Conheci no Corvo um trancador de baleias, José Inácio Rafael, que tinha uma particularidade muito estranha. Vomitava em terra antes de embarcar e no mar nunca vomitava. Quando lá estive era ele que tinha a concessão do transporte da mala do correio, de e para bordo dos navios que faziam escala regular no Corvo. O José Rafael, enquanto novo, esteve ligado a algumas peripécias, próprias dos lugares pequenos. Contou-me ele que certa tarde, quando regressava ao porto vindo da caça à baleia ao leme do bote à vela, com boa aragem e mar cavado do Sudoeste, já próximo do porto arribou o bote, este ficou no vão da vaga e quando esta rebentou alagou toda a companha ficando o bote ficou meio de água. Ficaram todos zangados com ele e como resposta o Rafael disse:
- Ó rapazes, isto não foi nada, se era como eu queria a gente tinha era revirado!

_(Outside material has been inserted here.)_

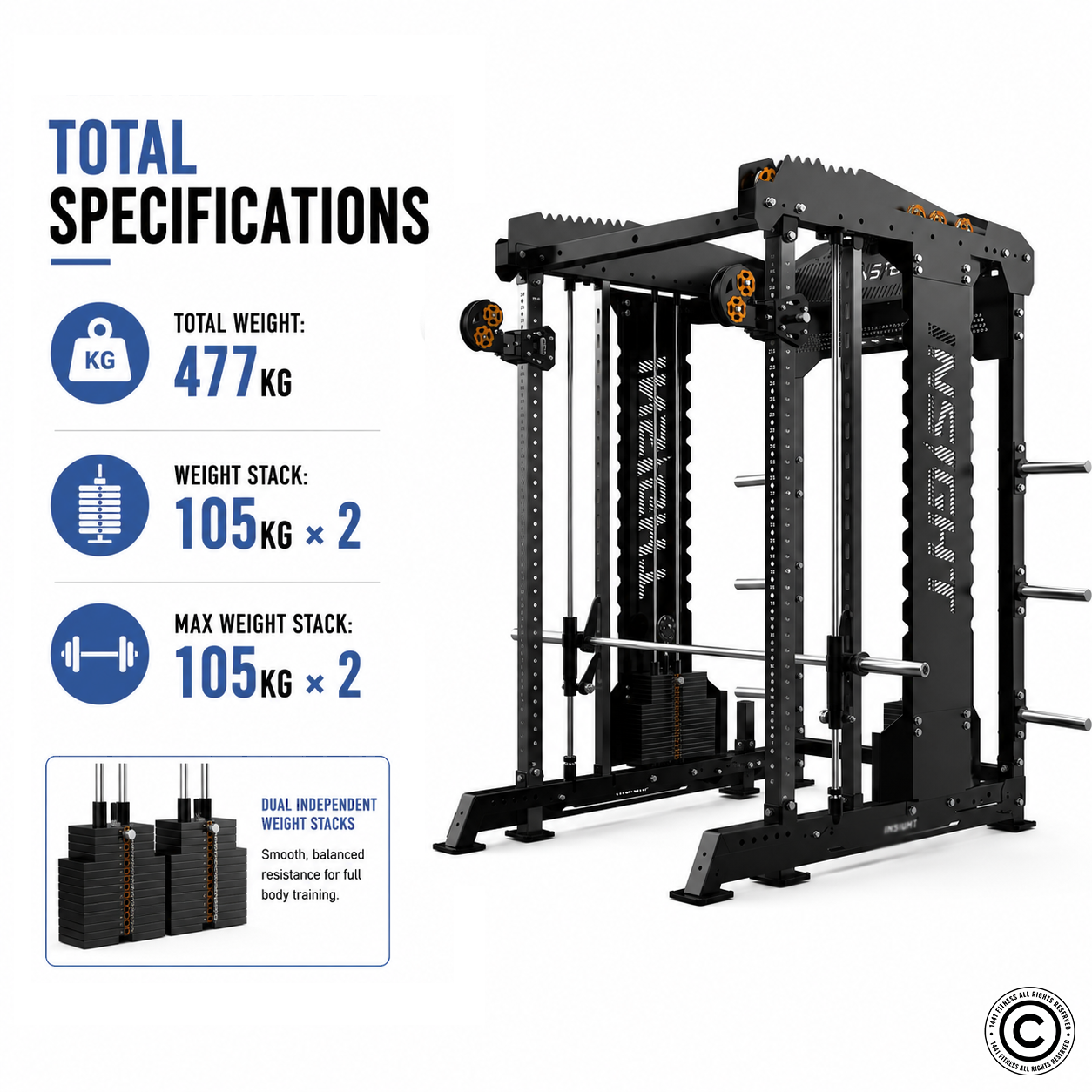 Insight Fitness Multi Function Machine - FT001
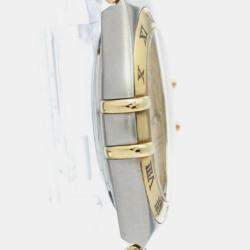 Omega Champagne 18k Yellow Gold Stainless Steel Constellation 1302.10 Automatic Women's Wristwatch 36 mm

A Filarmónica do Corvo com cerca de 12 tocadores, a Lira Corvense, vivia com dificuldades financeiras. Para resolver esta situação foi resolvido ligá-la ao Núcleo Legionário que ao tempo existia no Corvo. Esta atitude mereceu a reprovação de uma parte de corvinos, entre eles o José Rafael. Este como retaliação um dia, pela noite, entrou na copeira do império do outeiro, abriu o armário onde estavam guardados os instrumentos, pegou num braçado em alguns e foi lança-los num buraco da Ponta Negra, junto à costa.
Passaram-se alguns dias sem se saber com os instrumentos tinha desaparecido.No tempo o Presidente da Câmara homem que conhecia bem e era respeitado pelos seus munícipes. Certo dia, chegado ao Outeiro onde se encontravam vários Corvinos entre os quais o José Rafael, disse que os instrumentos tinham que ser recuperados porque faziam muita falta. Fez uma pausa olhou para todos os presentes um a um e apontou o Rafael como sendo o autor da proeza.